Charles Wuorinen’s Brokeback Mountain, with a libretto by Annie Proulx, based on her 1987 short story, has finally had its American première. New York City Opera had originally commissioned the work a decade ago, when Gerard Mortier was supposed to take the reins of the company. When the plans fell apart, Mortier revived the commission for Madrid’s Teatro Real where the opera had its world première in 2014.
One should certainly hope that deciding to present the opus now, the leaders of NYCO were considering the opera’s merits, not just the need to fill a slot in the company’s “Pride Initiative”, meant to produce one LGBT-themed work every season. In a recent interview, the composer reiterated that the story (two young ranch hands, Ennis and Jack, who are hired to tend sheep on an isolated mountain, fall in love and then struggle for twenty years to find a way to be together) is not about “poor, oppressed, gay people”. For the composer the real subject of the opera is the inability to fully acknowledge one’s own emotions and true nature and, even more, to communicate.
The four-performance run did not bring to New York the original production but a “chamber version”, first seen in Salzburg in 2016. Jacopo Spirei’s mise-en-scène is rather drab and Eva Musil’s scenery and costumes don’t add too much sparkle either. The mythical Brokeback Mountain is represented by one or two papier-mâché slopes and a blurry picture in the background. The shepherds’ base camp with its ridiculous-looking tent and too evident stairs evades any shade of Romanticism. The interiors of homes, motels and offices, open boxes rolled around by stagehands, do have a suitable Hopper-esque air but are too unimaginatively furnished.
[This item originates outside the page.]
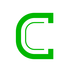 曹操出行手机版下载 v6.4.7安卓版
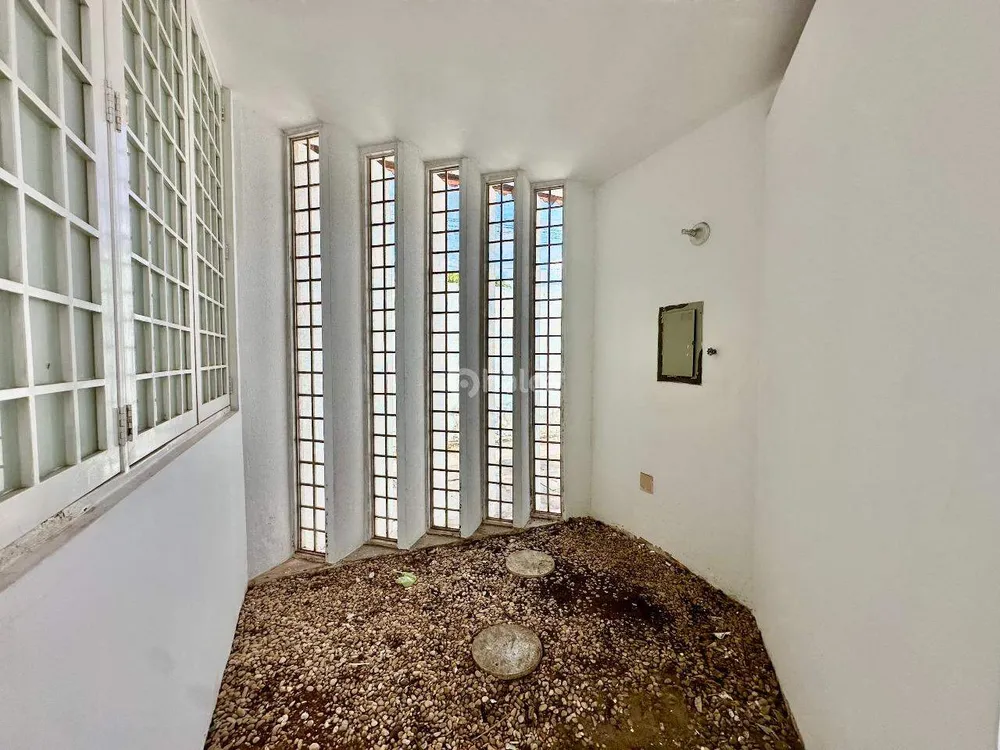 Casa, 3 quartos, 200 m² - Foto 6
Wuorinen has always claimed that his opera is closer to the spirit of the original short story than the very successful Ang Lee movie with its youthful stars and luxuriant landscapes. Adapting her own text, Proulx added a series of elements that were meant to make the narrative more palatable to opera lovers. She extended the presence of the protagonists’ wives, allowing the composer to change gears in his music. She introduced a Peter Grimes-like chorus of commenting townspeople. Even more, she made room for a senseless Commendatore-referencing ghost (Jack’s father-in-law). Unfortunately, there is a bothering disjunction between a text that overemphasizes the unsophisticated nature of the characters with their “straight” talk, with too many subject-verb disagreements and the brainy, fiercely complex musical environment.